Deputy Principal Mrs Futhi Dlamini-Ngcobo informed the team on the overall performance of the learners, mentioning that most of them experienced challenges with the English Language subject. She highlighted that most learners take English with levity, thereby leading to their subsequent failure.
“The learners do not make it because they have no plans and no notion of how to put their ideas into action. Our learners have potential but they simply do not want to apply themselves to their work. We have witnessed intelligent minds going to waste due to refusal to put in effort. It is absolutely frustrating because these learners have the potential and ability but tend to get involved in drugs and alcohol for whatever reasons and their fire does not get ignited,” she said.
The session covered 212 learners in Form 3 to Form 5. While sharing information with the learners, the researchers also gathered a contextual understanding of the perspectives of young girls at the school regarding transactional sexual interactions with older men (otherwise known as ‘sugar daddies’ or ‘blessers’).
One learner mentioned her concerns about the phenomenon of ‘sugar daddies’ which, it was gathered, has in recent times contributed to cases of teenage pregnancy at Londunduma High School. She said the main factor that influenced such interactions is general lack of resources, which leads to young girls being sexually involved with older men in exchange for monetary/material gain.

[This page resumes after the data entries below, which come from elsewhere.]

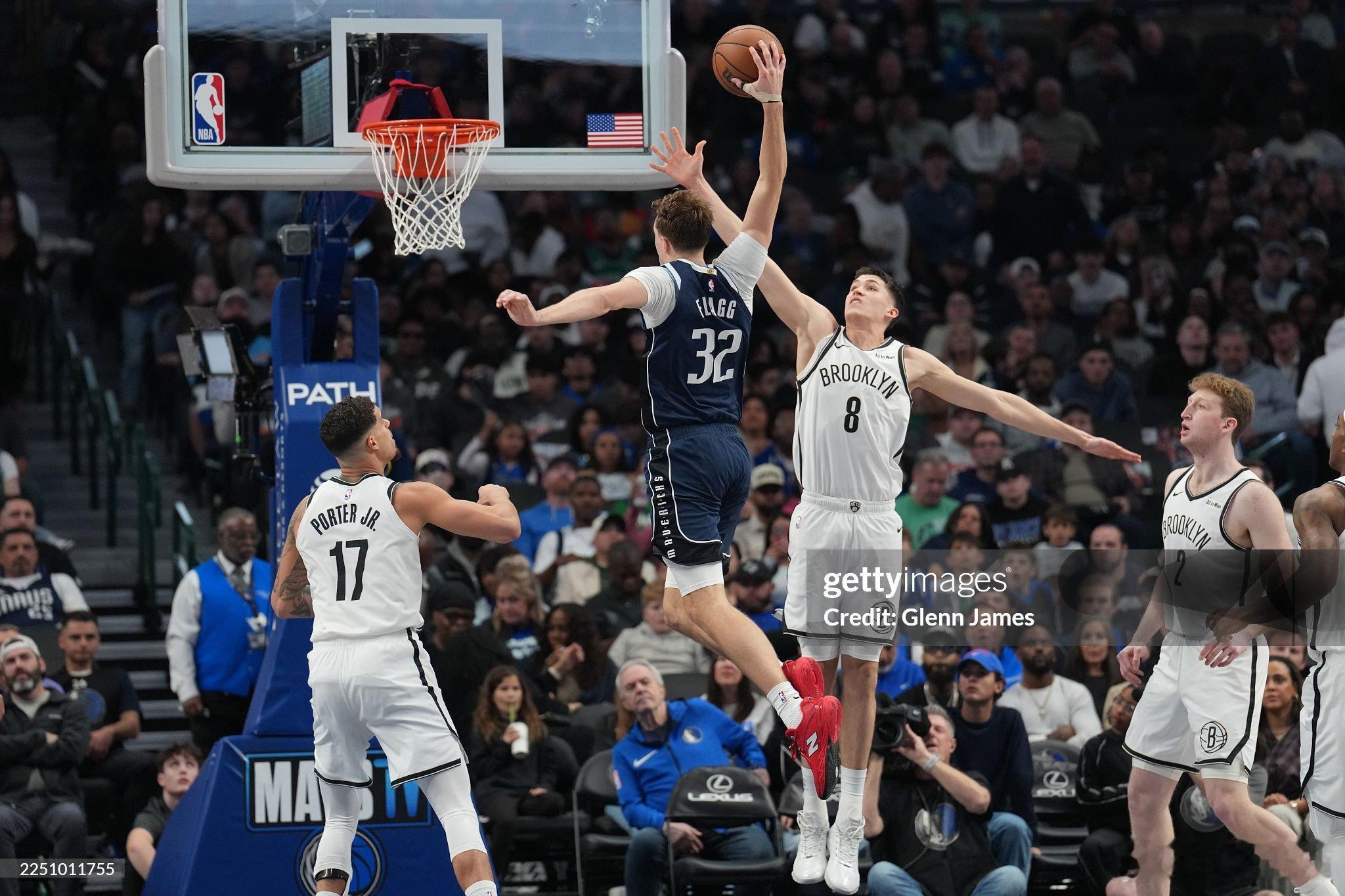 MFFL 弗拉格成为NBA历史上第一位19岁不到就多次砍下“20分5篮板5助攻0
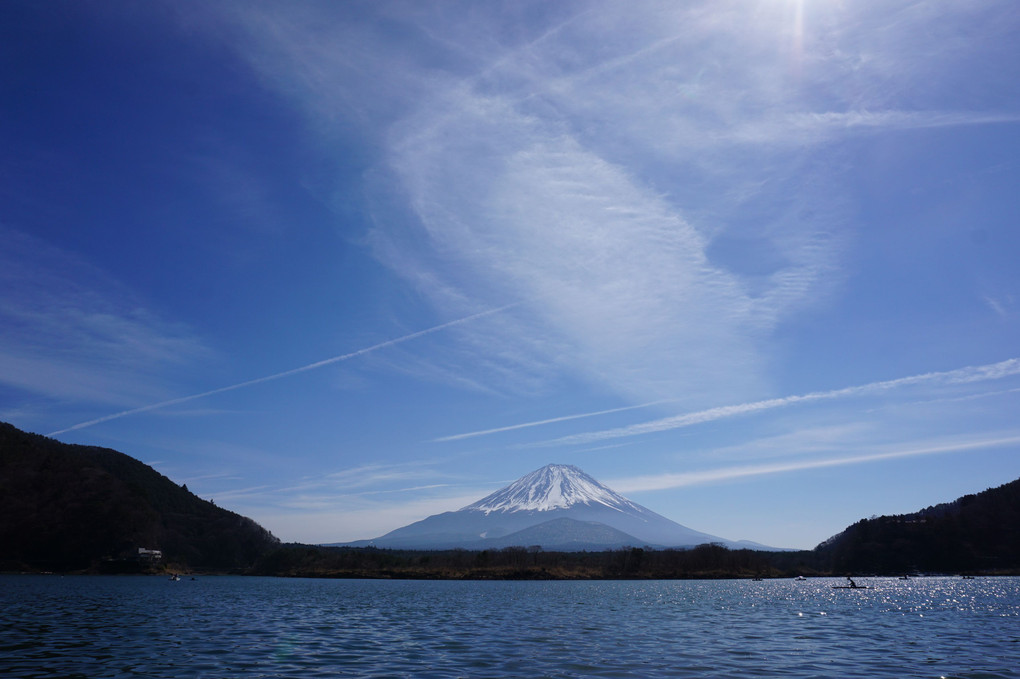 精進湖から富士山を臨む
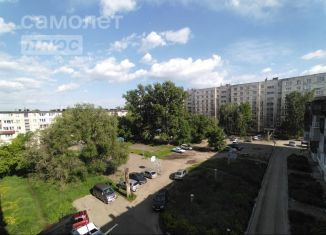 Продается 4-комнатная квартира, 60 м2, Бийск, переулок Владимира Мартьянова, 55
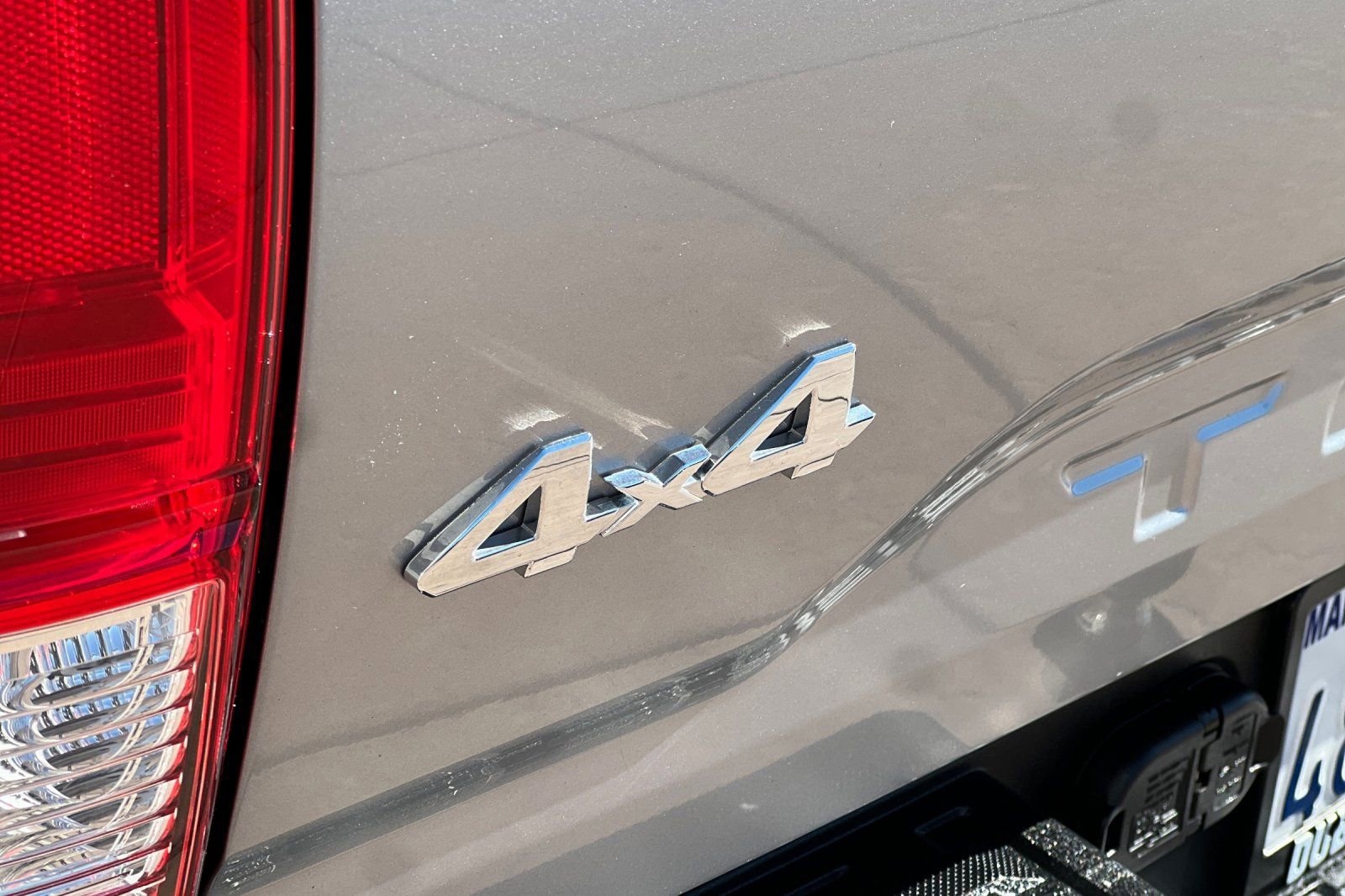 Certified 2017 Toyota Tacoma SR image 32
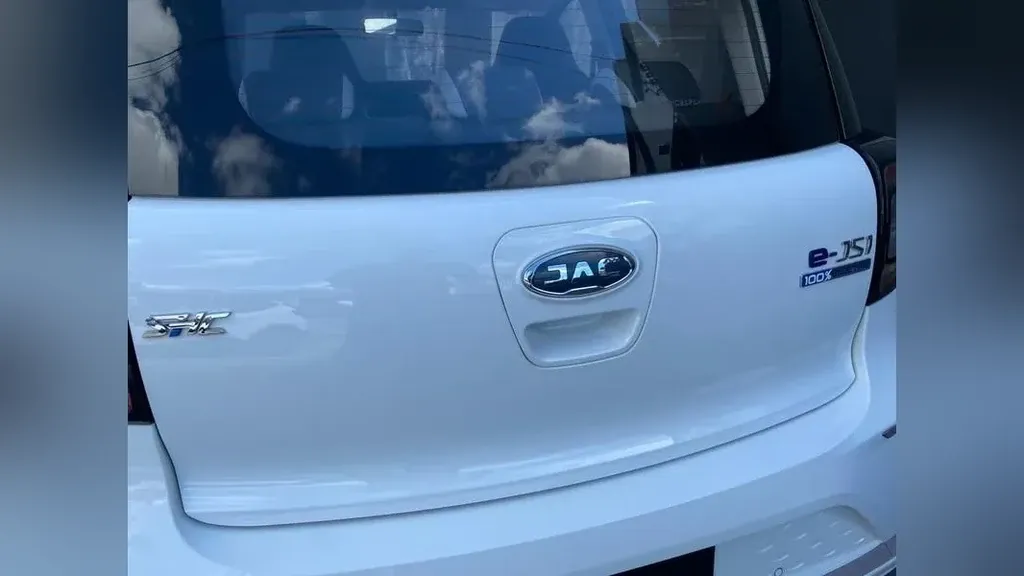 JAC E-JS1 - Imagem 5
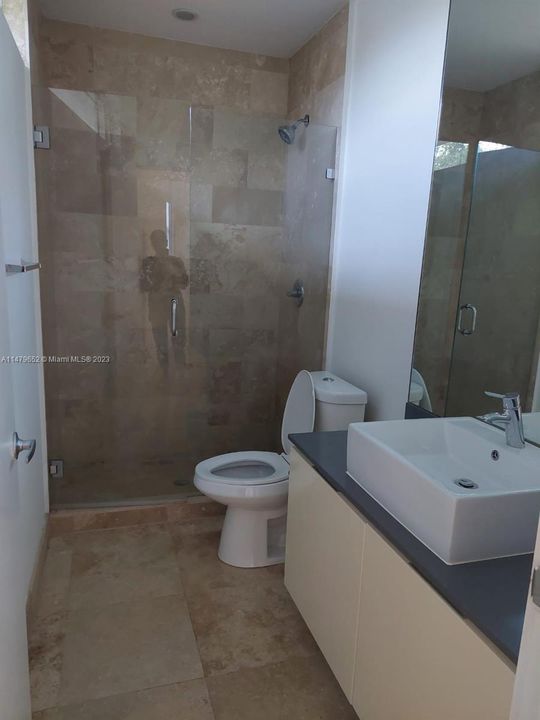 Recently Rented: $4,150 (3 beds, 2 baths, 1514 Square Feet)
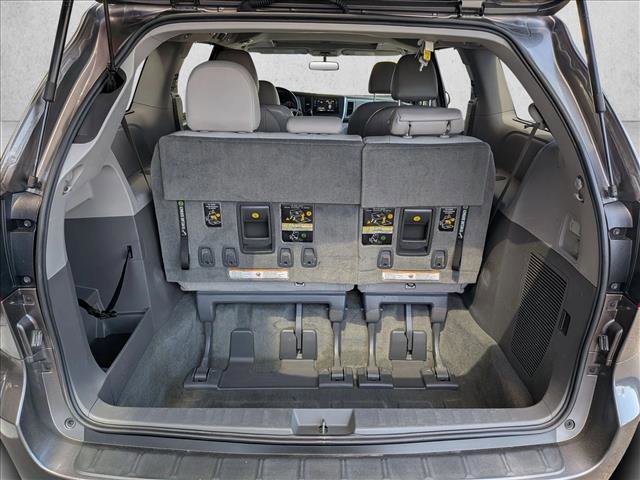 Used 2017 Toyota Sienna XLE FWD image 6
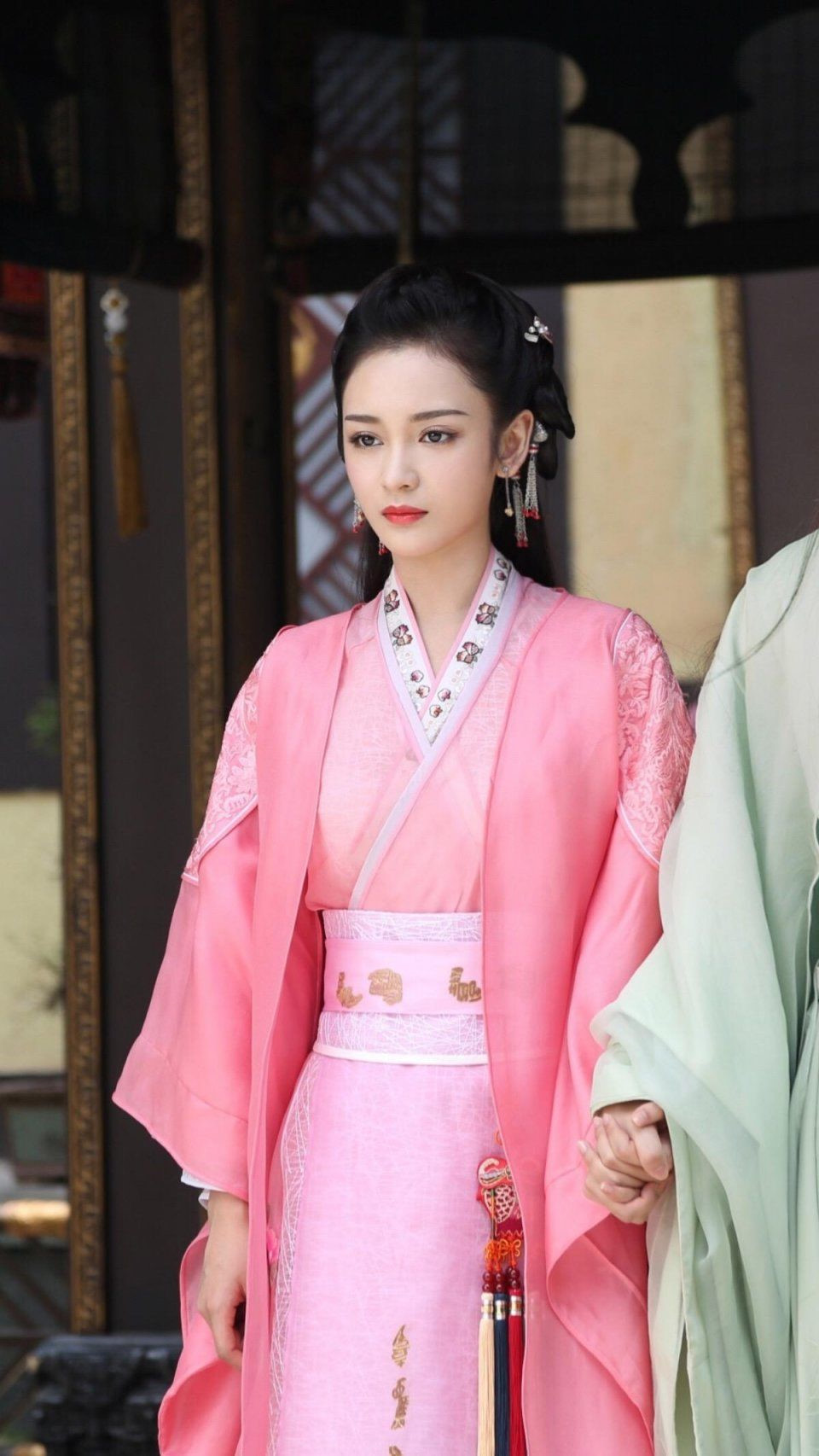 Trực thuộc công ty Gia Hành do Dương Mịch làm chủ, Vương Nhất Phi có sự nghiệp thua kém hẳn so với đồng nghiệp cùng công ty, Địch Lệ Nhiệt Ba. Tại Gia Hành, Vương Nhất Phi bị gán mác nghệ sĩ lăng xê mãi cũng không thể tỏa sáng. Đầu tháng 7, nhiều nguồn tin cho biết nữ diễn viên sắp rời công ty. Cùng lúc, cô ngầm chỉ trích Dương Mịch cùng Gia Hành không tạo điều kiện cho cô phát triển. Những bộ phim cô từng tham gia đều là vai phụ mờ nhạt. “Sự nghiệp của tôi giậm chân tại chỗ là vì công ty chẳng ra gì”, cô tuyên bố.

The learners expressed their appreciation for the visit and further stated that their low performance in English could be because they are not availed opportunities to engage in public speaking, as the school does not partake in any debate competitions. ESEPARC Associate Researcher Gugulethu Mgabhi advised them to read books, which she said would be an ideal tool to enhance their communication skills.
She further warned the learners on using their mobile phones for the wrong purposes like texting friends or updating social media sites. Gugulethu encouraged the learners to use these devices for educational purposes in order to improve on their English.